なお、認定住宅とは、以下の2つの住宅をさします。
① 認定長期優良住宅
② 認定低炭素住宅
Q 住宅ローン控除を受けるための手続を教えて下さい
住宅ローン控除の適用を受けるための手続は、控除を受ける最初の年分と2年目以後の年分とでは異なります。控除を受ける最初の年分は、必要事項を記載した確定申告書に、次に掲げる区分に応じてそれぞれに掲げる書類を添付して自分で申告する必要があります。
2年目以後の年分は、必要事項を記載した確定申告書に借入金の年末残高等証明書等を添付して提出すればよいことになっています。

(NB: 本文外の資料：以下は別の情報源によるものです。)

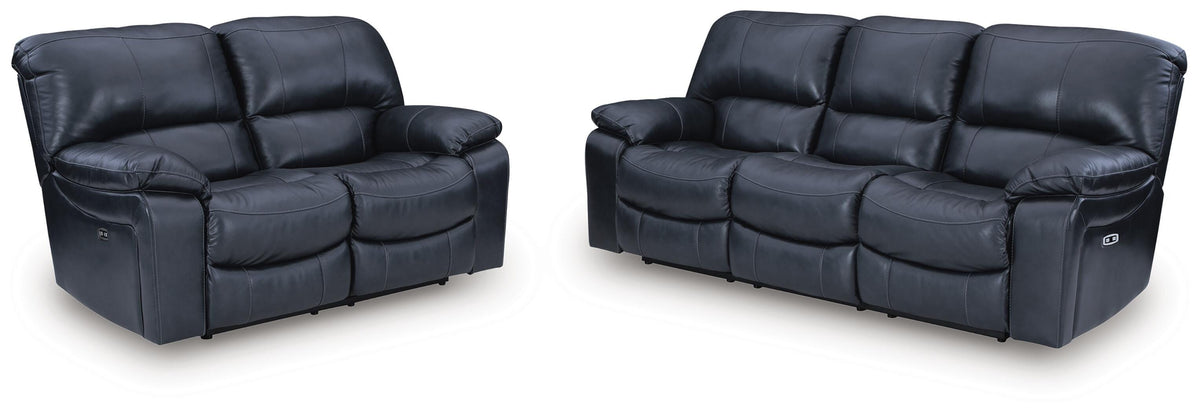 Leesworth Power Reclining Sofa, Loveseat and Recliner (U43809-SI) - Image 17
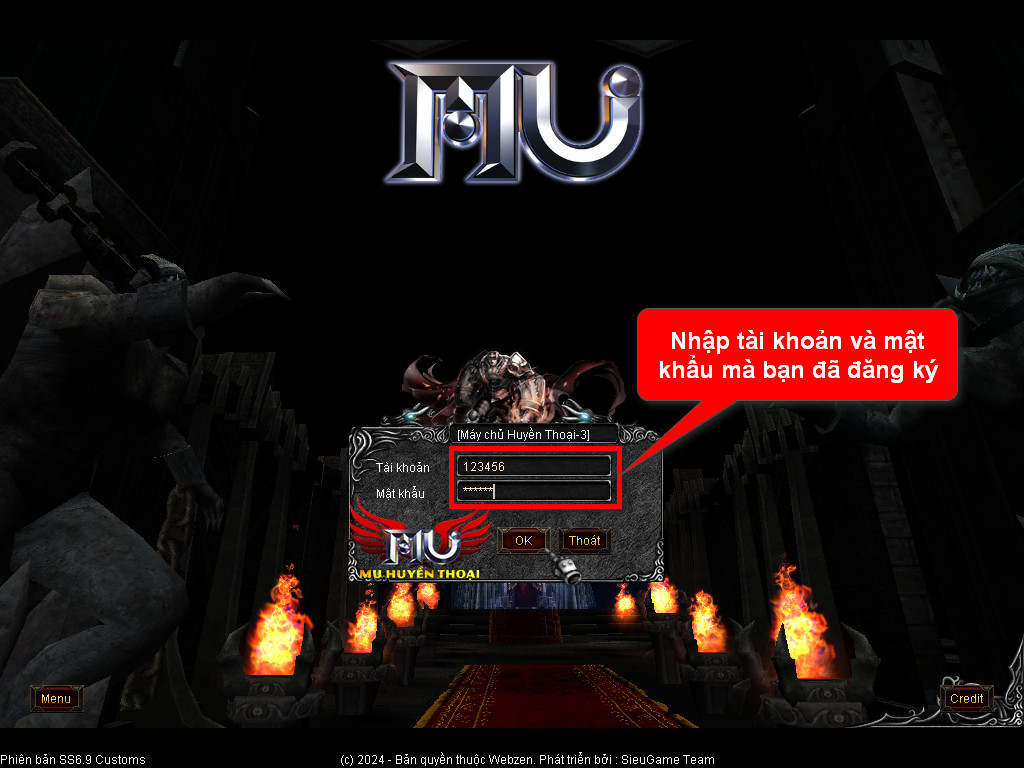 Chức năng chính của Game MU Đế Quốc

給与所得者は、控除を受ける最初の年分については、上記のとおり、確定申告書を提出する必要がありますが、2年目以後の年分は、年末調整でこの特別控除の適用を受けることができます。この場合、税務署から送付される「年末調整のための住宅借入金等特別控除証明書」・「給与所得者の住宅借入金等特別控除申告書」と「住宅取得資金に係る借入金の年末残高等証明書」を勤務先に提出する必要があります。
Q 住宅ローン控除額>所得税となる場合はどうなりますか?
その年の源泉徴収税額<住宅ローン控除、となる場合には、還付される所得税は源泉徴収額が上限になります。なお、このように所得税額から控除しきれなかった場合は、翌年の住民税からも控除(上限13万6500円)される措置があるので、相当の方はこの制度をフルに活用できるのではないかと思います。